第3話:幻の森
次の土曜日、彼らは再び眠りに落ちた。
目を開けた瞬間、そこは湿り気の濃いジャングル。天蓋のように葉が重なり、陽光は細い筋になって差し込む。湿った土の匂い、絡みつく蚊の羽音。砂漠とは正反対の戦場だった。
「……また別の場所か」
遠藤 蓮は額の汗を拭い、視線を巡らせた。
仲間たちも周囲に姿を見せる。
相原 凛は茶色のショートボブを湿気で張りつかせながら、水色のシャツの袖をきつく結び直していた。
高城 翔はTシャツを脱ぎ、鍛え上げた上半身を剥き出しにして、両拳を固める。
真田 玲央は丸眼鏡に曇りを拭き取りつつ、低い声で「視界が悪い。罠に気をつけろ」と呟いた。

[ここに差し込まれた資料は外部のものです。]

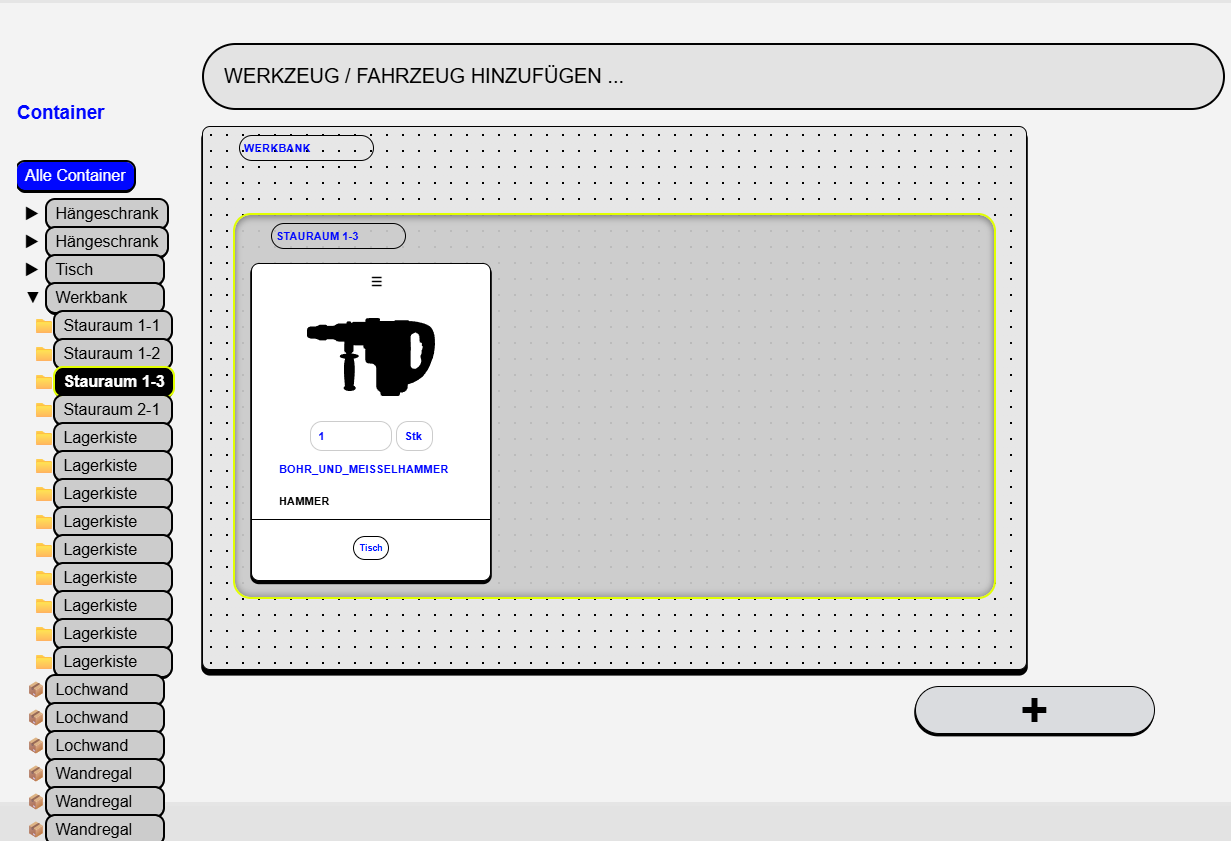 Werkzeuge bearbeiten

森下 瑠衣はスポーツウェアを泥で汚し、ジャングルの獣のように身をかがめていた。
そのとき、女の声がした。
「森は……嘘をつくの」
木々の間から現れたのは霧島 静。
長い黒髪を腰まで垂らし、紫のワンピースをまとった女。微笑む口元と、異様に澄んだ瞳が不気味に輝いていた。
次の瞬間――森が変貌した。
樹々の影が人の形をとり、幾人もの“偽物の参加者”が歩き出す。枝葉が刃に変わり、幻の虫が耳元で羽音を響かせる。
「くそっ、どれが本物だ!」
翔が拳を振るう。だが殴り抜けた相手は幻影で、霧散するたびに土埃が舞った。
蓮の視界に、凛が背後から襲われる光景が映った。
「凛、避けろ!」
しかし刃のような幻影が彼女の腕を裂いた。鮮血が飛び散り、凛は呻き声を上げて倒れ込む。
「凛!」
蓮が駆け寄ると、凛は震える手で自らの腕を抑え、必死に応急処置を始めていた。
シャツを裂き、布をきつく縛り、血を止める。茶色の髪が額に張りつき、歯を食いしばる表情は決意に満ちていた。
「まだ動ける……みんなを、守る……」
霧島の幻覚は止まらない。
玲央が叫ぶ。「本物は一人だけだ! 残像に惑わされるな!」
その言葉に応じ、瑠衣が低く走る。軽やかな跳躍――本物の霧島の影に蹴りを叩き込んだ。
「っ!」
霧島はよろめき、幻影が一斉に崩れ落ちる。森の静けさが戻ると、彼女は紫の裾を翻し、唇を吊り上げた。
「いいわ……次は、もっと深い悪夢を見せてあげる」
血に濡れた凛の腕が震え、仲間の心臓は鼓動を早めていた。
森の中、誰もが理解する――ここからが本当の地獄だと。